Customers who interacted with the filters were more likely to reach a PDP. So, the opportunity was to help more shoppers see and engage with the best filters. An A/B test that entices more customers to take advantage of these filters was most likely to move the needle.

Step 2: Design the A/B Test

The team designed a test where the favored filters of shoppers on the left were simply automatically expanded when they landed on the PLP. It removed the need to click and gave these filters more real estate. Very simple to implement.

Step 3: Run the A/B Test and confirm the winner

Using their Google Optimize platform, The team implemented this A/B test and confirmed that this simple change improved their overall Ecommerce conversion rate by 8.45%. It increased revenue even higher by guiding shoppers to consider products by designers that they missed earlier. As a result, revenue went up 26%. 

Step 4: Why did the A/B Test win? What were the success factors?

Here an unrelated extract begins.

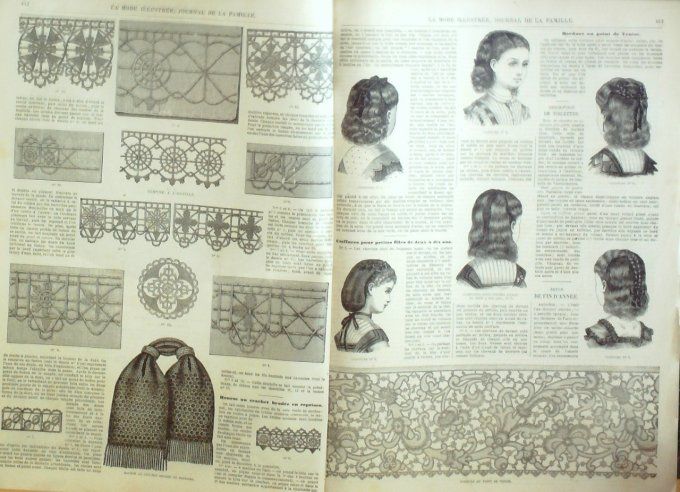 Journal Mode illustrée 1870 # 52 Toilettes de sorties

In evaluating the test variant, The team confirmed that interaction with customers’ favored PLP filters had increased compared to the original PLP. That’s associated with a higher likelihood of reaching PDPs and making a purchase.


Image: Zone-based Heatmap of the winning test variant

 

The moral of the story

The team could have spun up myriads of A/B tests on the PLP, most of which would likely have gone nowhere. And consider this, if you had voiced an opinion that expanding PLP filters in a way that pushes other filters under the fold is a good idea,  you might have been laughed out of the room. But that’s exactly what the team A/B tested here because it was informed by data. They reaped the rewards as a result of letting data speak louder than opinions.